◆ **MATERIAL PROVIDED**
- Opening Delimiter -

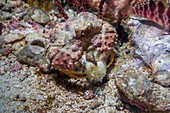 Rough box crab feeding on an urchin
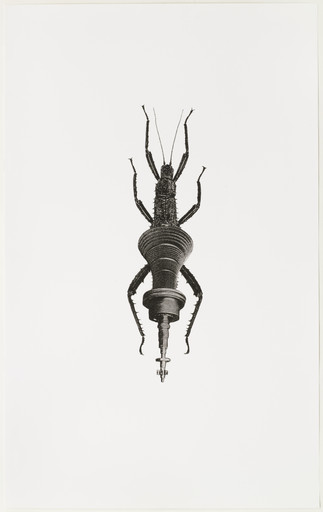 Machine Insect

- Closing Delimiter -
- Opening Delimiter -

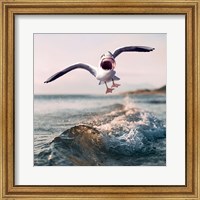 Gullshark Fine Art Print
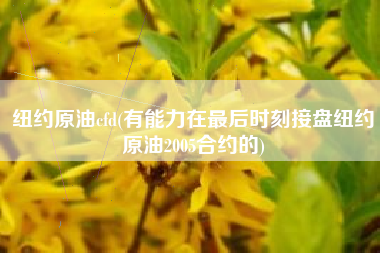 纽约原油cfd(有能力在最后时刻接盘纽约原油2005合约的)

- Closing Delimiter -
- Opening Delimiter -

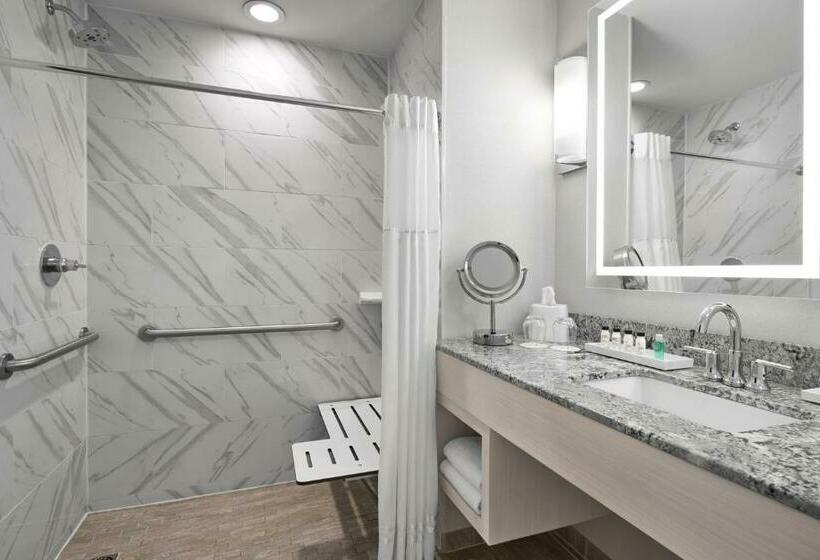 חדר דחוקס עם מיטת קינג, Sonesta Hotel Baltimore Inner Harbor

- Closing Delimiter -

◆ **WORK TO BE COMPLETED**
Reproduce the records above exactly, but only from the line with "Rough box crab feeding on an urchin" up to and including the line with "Machine Insect". Leave the pictures out.

◆ **FINISHED TASK**
 Rough box crab feeding on an urchin
 Machine Insect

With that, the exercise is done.